┌────────

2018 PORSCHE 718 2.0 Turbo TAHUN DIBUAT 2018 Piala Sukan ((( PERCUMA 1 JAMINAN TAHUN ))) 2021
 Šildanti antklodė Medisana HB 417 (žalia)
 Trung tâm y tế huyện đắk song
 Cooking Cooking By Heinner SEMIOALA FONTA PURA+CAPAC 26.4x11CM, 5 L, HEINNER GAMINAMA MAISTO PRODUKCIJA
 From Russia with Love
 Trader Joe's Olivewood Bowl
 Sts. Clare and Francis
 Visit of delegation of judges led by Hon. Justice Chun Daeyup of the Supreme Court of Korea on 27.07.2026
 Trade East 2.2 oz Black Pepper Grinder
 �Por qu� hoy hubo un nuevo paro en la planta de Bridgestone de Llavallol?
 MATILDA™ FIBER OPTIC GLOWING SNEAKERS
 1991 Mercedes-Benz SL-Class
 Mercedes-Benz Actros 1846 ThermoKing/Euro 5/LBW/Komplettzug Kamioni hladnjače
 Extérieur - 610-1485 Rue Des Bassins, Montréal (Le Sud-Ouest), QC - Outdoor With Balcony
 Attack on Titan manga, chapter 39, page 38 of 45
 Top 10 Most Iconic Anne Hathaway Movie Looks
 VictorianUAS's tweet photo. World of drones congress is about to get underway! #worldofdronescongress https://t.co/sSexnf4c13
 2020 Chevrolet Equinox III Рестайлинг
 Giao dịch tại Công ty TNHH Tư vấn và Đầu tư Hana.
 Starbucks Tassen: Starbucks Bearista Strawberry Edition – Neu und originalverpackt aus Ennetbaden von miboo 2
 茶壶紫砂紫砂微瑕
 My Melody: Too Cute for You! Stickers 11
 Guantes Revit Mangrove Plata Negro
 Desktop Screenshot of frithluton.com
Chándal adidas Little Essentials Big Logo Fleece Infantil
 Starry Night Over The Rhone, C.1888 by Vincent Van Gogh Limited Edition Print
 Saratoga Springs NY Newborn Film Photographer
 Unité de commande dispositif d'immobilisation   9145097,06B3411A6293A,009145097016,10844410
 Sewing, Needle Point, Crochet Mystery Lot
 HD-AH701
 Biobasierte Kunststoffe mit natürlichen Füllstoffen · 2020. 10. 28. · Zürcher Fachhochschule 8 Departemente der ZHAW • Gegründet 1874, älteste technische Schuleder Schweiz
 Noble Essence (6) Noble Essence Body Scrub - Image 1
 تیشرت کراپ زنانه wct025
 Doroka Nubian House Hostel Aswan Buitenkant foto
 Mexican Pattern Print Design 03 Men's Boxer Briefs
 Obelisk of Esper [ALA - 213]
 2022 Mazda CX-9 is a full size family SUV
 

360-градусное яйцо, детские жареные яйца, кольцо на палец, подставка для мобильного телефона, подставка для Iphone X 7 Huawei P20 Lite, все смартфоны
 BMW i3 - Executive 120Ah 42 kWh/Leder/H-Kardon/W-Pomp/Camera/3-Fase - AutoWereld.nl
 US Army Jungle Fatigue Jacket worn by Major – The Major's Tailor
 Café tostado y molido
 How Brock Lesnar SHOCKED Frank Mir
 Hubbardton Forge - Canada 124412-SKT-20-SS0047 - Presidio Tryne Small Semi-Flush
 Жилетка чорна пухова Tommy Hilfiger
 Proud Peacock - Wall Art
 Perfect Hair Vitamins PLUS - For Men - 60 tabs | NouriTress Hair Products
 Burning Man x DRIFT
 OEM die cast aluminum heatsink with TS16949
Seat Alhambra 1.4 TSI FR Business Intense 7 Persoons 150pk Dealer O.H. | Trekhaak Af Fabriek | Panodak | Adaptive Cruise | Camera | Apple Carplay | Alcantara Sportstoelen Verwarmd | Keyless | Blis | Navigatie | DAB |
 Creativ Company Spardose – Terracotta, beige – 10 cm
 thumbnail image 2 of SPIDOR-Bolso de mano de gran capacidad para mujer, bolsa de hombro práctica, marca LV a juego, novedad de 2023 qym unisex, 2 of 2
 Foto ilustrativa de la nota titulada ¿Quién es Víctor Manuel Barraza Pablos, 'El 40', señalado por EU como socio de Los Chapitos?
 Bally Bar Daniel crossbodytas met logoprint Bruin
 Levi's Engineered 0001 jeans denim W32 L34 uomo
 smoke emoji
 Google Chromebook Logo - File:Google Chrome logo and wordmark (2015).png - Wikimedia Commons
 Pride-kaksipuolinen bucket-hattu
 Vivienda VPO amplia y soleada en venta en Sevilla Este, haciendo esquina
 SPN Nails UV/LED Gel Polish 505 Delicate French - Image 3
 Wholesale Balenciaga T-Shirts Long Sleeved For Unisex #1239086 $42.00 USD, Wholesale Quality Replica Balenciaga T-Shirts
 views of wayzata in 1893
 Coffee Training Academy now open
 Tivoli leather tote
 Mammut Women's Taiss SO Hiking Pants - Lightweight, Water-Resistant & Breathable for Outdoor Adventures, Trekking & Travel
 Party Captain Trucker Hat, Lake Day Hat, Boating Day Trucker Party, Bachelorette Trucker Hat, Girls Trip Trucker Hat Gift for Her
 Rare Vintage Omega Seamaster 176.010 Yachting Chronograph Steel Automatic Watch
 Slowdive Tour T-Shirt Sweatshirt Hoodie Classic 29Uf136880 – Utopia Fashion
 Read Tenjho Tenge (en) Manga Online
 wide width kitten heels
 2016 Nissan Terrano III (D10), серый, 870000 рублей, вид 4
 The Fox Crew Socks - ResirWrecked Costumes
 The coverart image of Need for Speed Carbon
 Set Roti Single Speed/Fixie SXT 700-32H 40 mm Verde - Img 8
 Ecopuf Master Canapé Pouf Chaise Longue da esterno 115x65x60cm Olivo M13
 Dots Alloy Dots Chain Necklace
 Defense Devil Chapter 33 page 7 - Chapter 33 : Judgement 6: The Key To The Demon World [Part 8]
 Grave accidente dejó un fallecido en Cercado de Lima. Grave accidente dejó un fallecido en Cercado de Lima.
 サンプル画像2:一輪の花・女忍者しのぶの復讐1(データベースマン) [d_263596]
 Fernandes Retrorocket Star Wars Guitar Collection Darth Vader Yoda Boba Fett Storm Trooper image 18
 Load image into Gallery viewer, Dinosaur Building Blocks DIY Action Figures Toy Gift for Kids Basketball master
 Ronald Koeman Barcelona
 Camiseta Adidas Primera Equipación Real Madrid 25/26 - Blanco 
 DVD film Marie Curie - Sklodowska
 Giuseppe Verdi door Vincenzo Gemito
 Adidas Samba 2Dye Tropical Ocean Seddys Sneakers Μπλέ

└────────

All that should be written out is the stretch of lines above between the one holding "Bally Bar Daniel" and the one holding "SPN Nails UV/LED", inclusive, exactly as given.

 Bally Bar Daniel crossbodytas met logoprint Bruin
 Levi's Engineered 0001 jeans denim W32 L34 uomo
 smoke emoji
 Google Chromebook Logo - File:Google Chrome logo and wordmark (2015).png - Wikimedia Commons
 Pride-kaksipuolinen bucket-hattu
 Vivienda VPO amplia y soleada en venta en Sevilla Este, haciendo esquina
 SPN Nails UV/LED Gel Polish 505 Delicate French - Image 3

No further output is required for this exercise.